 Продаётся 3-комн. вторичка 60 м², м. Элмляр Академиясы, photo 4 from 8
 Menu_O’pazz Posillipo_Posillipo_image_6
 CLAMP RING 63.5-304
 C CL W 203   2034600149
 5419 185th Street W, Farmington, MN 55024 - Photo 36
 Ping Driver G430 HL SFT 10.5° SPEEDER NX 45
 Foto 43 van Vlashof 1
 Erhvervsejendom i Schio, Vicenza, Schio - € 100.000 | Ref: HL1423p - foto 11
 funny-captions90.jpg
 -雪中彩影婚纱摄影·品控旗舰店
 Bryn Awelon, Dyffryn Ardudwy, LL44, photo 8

...

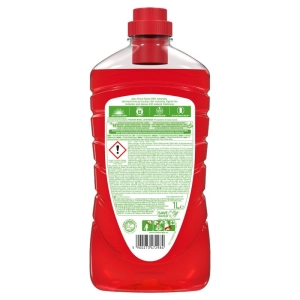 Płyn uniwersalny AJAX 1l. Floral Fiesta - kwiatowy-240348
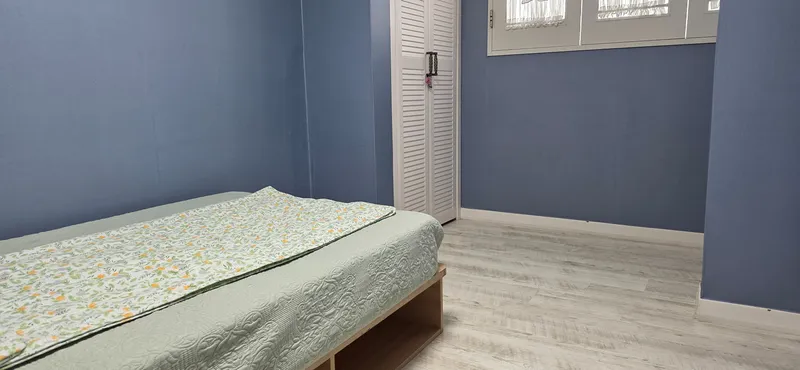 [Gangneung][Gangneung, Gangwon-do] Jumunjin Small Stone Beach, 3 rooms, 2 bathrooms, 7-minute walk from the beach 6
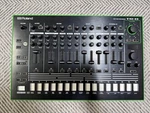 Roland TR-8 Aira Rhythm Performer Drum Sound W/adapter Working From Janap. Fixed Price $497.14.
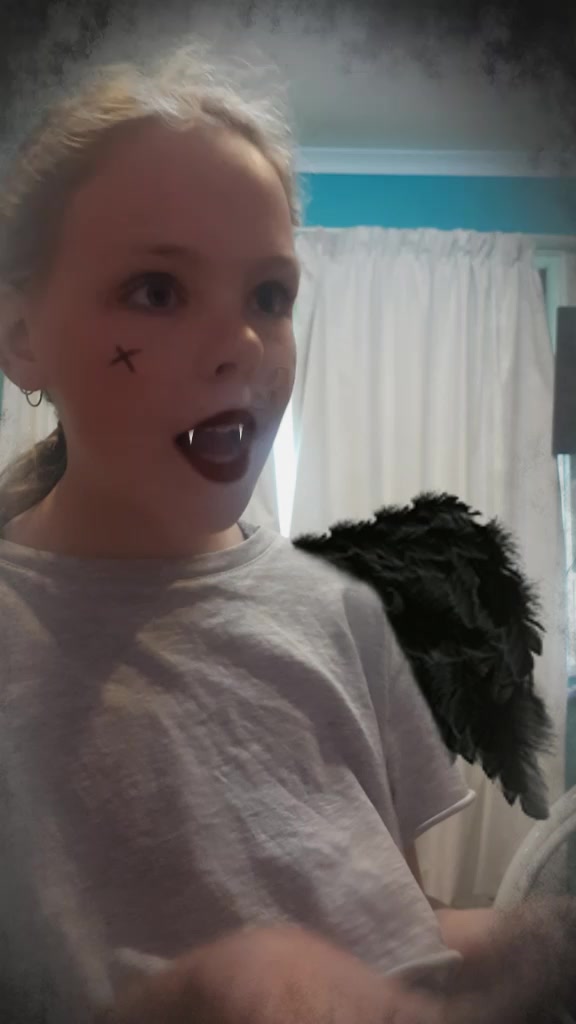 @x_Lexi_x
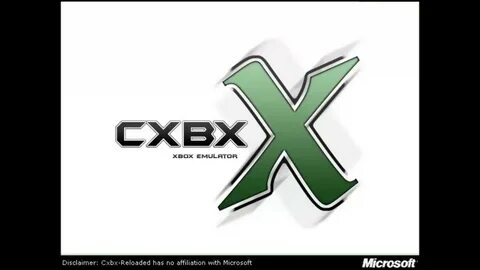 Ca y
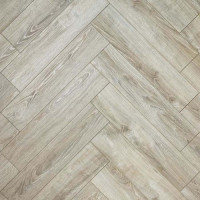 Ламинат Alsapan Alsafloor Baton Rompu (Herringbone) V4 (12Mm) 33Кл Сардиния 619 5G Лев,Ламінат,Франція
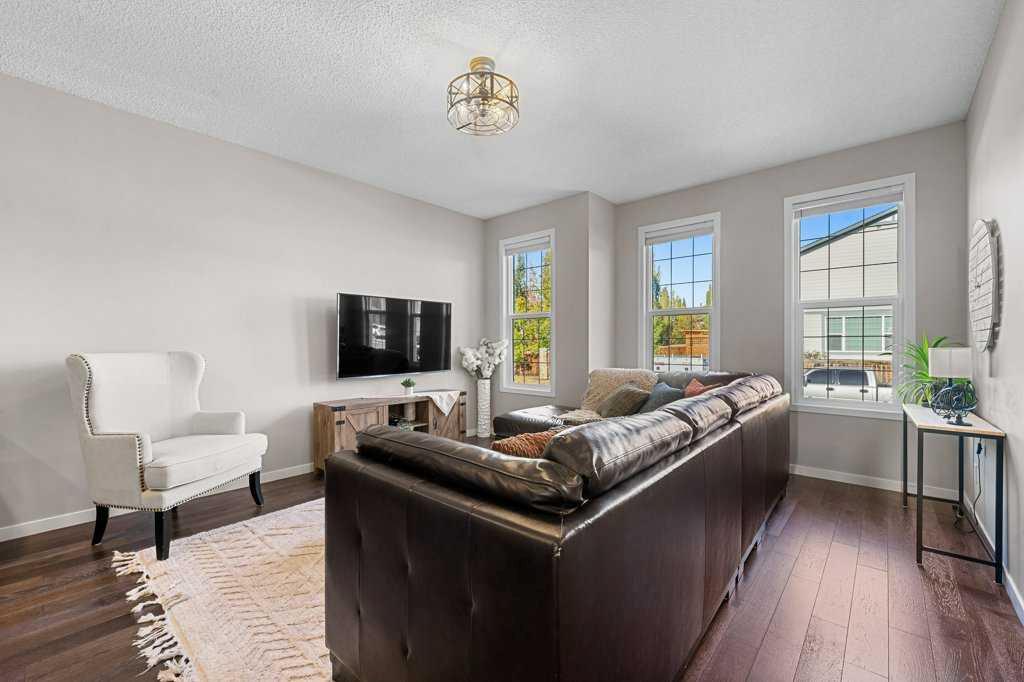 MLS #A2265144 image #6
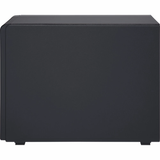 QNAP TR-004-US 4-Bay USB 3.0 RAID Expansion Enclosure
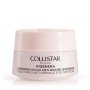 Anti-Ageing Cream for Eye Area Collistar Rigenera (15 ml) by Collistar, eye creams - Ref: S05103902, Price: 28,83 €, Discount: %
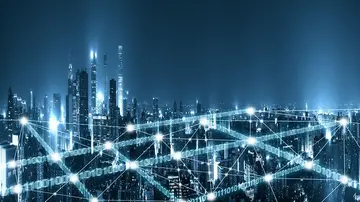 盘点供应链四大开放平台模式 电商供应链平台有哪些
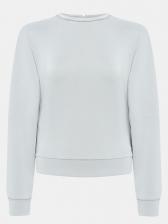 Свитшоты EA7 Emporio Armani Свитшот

---

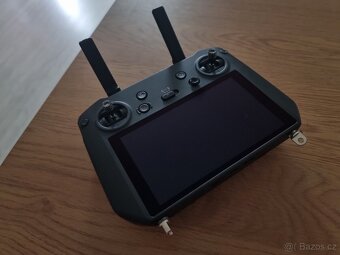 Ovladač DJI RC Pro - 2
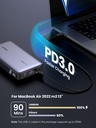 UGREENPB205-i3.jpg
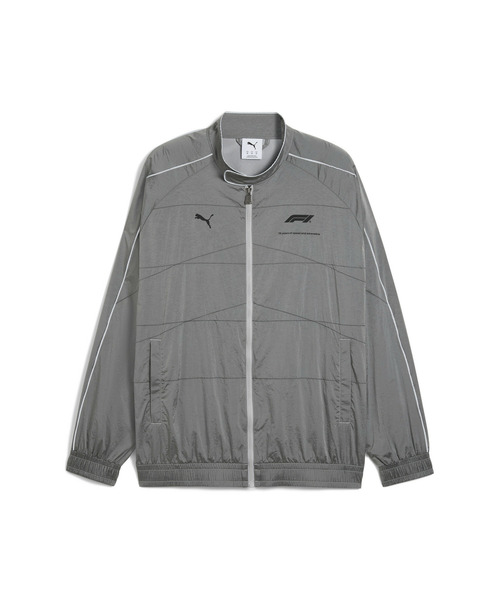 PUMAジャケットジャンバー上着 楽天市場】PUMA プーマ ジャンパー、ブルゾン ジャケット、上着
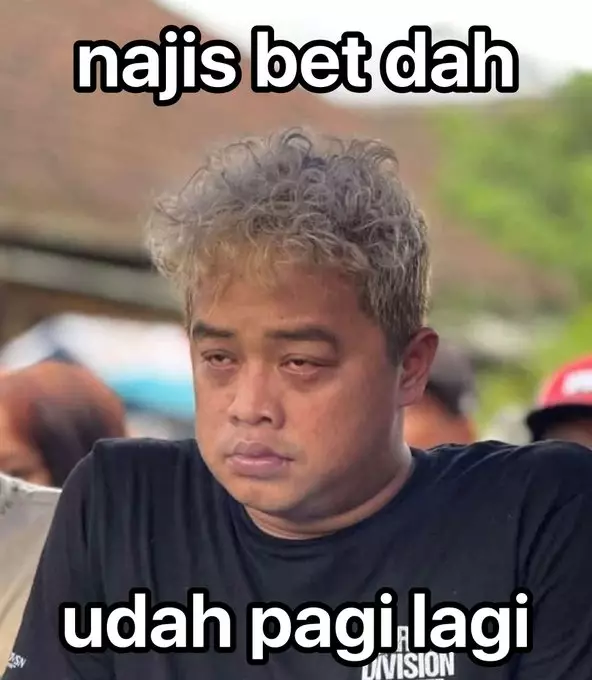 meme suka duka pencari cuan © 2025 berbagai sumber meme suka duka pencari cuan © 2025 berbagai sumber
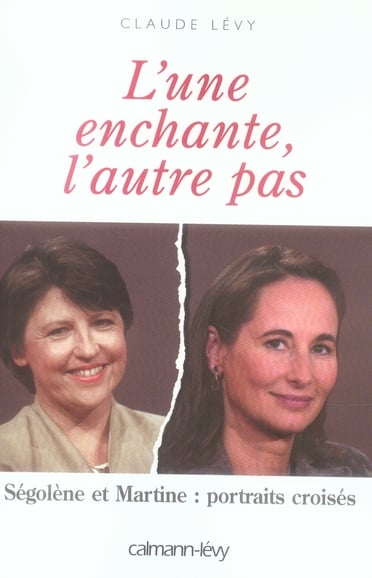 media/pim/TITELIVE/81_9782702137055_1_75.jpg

■ **Work task**: Output exactly the lines above, from the line with "Roland TR-8 Aira" to the line with "Свитшоты EA7 Emporio Armani Свитшот", both included; skip the pictures.

■ **Finished exercise**:
 Roland TR-8 Aira Rhythm Performer Drum Sound W/adapter Working From Janap. Fixed Price $497.14.
 @x_Lexi_x
 Ca y
 Ламинат Alsapan Alsafloor Baton Rompu (Herringbone) V4 (12Mm) 33Кл Сардиния 619 5G Лев,Ламінат,Франція
 MLS #A2265144 image #6
 QNAP TR-004-US 4-Bay USB 3.0 RAID Expansion Enclosure
 Anti-Ageing Cream for Eye Area Collistar Rigenera (15 ml) by Collistar, eye creams - Ref: S05103902, Price: 28,83 €, Discount: %
 盘点供应链四大开放平台模式 电商供应链平台有哪些
 Свитшоты EA7 Emporio Armani Свитшот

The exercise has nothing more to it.